Mystery: An infant with failure to thrive and vomiting


An infant with failure to thrive and vomiting is eventually diagnosed with hypertrophic, dilated bladder and bilateral hydronephrosis.

You are in the emergency department in the middle of an extremely busy winter night when you pick up yet another chart with the chief complaint of "vomiting." This time the patient is a two-month-old African-American male with no past medical history listed on the face sheet. Heading to the room you start thinking of your standard concerns-Is the vomiting bilious? Is it after every feed? Has the infant continued to make wet diapers?

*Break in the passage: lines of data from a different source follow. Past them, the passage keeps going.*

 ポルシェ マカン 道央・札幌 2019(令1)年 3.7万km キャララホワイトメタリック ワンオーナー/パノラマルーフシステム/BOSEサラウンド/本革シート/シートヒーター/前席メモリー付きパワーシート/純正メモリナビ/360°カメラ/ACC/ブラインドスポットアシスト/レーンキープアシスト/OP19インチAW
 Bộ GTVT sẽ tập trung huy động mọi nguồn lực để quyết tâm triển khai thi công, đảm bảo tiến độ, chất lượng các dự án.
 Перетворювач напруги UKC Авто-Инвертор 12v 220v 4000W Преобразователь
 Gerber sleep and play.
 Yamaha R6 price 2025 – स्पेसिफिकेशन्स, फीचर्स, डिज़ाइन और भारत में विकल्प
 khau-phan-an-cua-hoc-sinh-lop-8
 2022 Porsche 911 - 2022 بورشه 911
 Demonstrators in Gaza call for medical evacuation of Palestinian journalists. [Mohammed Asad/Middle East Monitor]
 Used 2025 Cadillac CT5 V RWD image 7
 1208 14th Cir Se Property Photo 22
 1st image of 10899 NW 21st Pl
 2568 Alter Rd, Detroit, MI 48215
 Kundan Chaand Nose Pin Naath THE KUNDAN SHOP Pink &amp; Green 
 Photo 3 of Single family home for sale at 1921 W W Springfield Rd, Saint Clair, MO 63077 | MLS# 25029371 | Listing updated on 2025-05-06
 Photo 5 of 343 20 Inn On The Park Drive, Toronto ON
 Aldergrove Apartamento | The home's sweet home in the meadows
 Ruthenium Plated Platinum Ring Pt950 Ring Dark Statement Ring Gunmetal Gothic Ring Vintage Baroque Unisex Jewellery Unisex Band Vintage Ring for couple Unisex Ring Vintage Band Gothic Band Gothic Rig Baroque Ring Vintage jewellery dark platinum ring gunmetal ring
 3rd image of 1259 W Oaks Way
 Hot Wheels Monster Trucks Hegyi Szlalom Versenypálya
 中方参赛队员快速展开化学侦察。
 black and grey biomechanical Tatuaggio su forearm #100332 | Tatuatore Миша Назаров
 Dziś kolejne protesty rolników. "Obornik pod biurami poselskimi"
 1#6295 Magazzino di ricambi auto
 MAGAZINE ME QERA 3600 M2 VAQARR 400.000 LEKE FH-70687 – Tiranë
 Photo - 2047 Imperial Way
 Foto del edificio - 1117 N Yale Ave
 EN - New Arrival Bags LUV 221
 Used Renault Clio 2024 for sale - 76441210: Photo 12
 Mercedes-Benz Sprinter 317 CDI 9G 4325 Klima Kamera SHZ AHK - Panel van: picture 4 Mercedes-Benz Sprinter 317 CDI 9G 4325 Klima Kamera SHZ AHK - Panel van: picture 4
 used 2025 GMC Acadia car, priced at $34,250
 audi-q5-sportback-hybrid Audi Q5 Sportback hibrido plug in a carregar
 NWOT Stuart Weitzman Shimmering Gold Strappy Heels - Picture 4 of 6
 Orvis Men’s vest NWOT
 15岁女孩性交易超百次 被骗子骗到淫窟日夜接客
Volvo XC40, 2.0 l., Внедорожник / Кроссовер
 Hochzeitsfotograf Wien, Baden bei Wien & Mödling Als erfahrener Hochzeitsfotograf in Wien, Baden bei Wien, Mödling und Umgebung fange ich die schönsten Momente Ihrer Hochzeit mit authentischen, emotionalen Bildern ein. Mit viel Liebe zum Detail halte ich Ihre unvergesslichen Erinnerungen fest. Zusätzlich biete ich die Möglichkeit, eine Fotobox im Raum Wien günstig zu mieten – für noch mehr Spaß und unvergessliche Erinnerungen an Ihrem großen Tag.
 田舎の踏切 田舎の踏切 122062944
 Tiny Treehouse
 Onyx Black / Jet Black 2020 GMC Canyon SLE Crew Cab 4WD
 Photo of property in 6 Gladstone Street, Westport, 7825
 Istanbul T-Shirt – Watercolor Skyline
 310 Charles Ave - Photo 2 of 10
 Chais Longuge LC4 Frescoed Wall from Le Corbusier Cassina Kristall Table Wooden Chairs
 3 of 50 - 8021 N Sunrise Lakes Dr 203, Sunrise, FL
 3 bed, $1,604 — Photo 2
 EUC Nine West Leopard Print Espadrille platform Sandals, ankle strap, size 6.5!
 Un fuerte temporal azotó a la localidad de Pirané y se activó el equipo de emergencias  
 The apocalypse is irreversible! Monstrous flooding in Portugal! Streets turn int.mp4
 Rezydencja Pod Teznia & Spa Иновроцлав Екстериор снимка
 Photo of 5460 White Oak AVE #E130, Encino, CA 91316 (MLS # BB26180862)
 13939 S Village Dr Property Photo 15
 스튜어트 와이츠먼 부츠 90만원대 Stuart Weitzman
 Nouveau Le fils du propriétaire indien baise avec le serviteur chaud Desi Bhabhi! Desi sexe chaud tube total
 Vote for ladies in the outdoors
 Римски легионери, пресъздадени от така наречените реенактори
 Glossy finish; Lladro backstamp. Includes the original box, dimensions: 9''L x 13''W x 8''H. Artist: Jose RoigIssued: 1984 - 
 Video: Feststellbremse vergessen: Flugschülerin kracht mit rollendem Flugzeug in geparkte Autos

On review of systems, Mom denies any recent fever or associated diarrhea. He has had no sick contacts, and does not sweat during feeds. There is no indication of cough or congestion causing post-tussive emesis. So far, his symptoms seem most consistent with gastroesophageal reflux disease (GERD), but the sudden onset and the lack of arching or fussiness seem a little odd.

On further exam

On physical exam, vital signs reveal an afebrile infant with a heart rate of 182 bpm, respiratory rate of 36 bpm, and blood pressure of 81/61 mm Hg. Weight at this visit is 6 pounds 9.6 ounces-only about 5 ounces above birth weight! You note he has gone from the 25th percentile to just under the third. Quickly plotting his length and head circumference, you find them to be 50th and 10th percentile, respectively. You are uncertain how this compares to previous values for his length and head circumference, but the weight comparison from birth to now alone concerns you.

Before going any further, you ask a few more questions. Going back to his difficulty regaining birth weight, Mom reports he did not achieve this milestone until four weeks of age. This gives you pause, as most infants regain birth weight by 2 weeks old, and no later than 3 weeks, if breastfeeding. No lab studies were done during that time, and he has not been seen since four weeks of age.

On exam, you confirm he appears thin with a sunken anterior fontanelle. Despite this, he's alert. His mucous membranes are slightly dry. There is no lymphadenopathy, and his neck is supple. Aside from his tachycardia, his cardiovascular exam is unremarkable. Breath sounds are clear bilaterally. His abdominal exam reveals a soft, nontender abdomen that is mildly distended. No discrete masses are palpable, and there is no hepatosplenomegaly. A brief neurologic exam shows normal strength and tone and symmetric, 2+ deep tendon reflexes. The infant has mildly erythematous dry patches in the right antecubital fossa and behind the ears.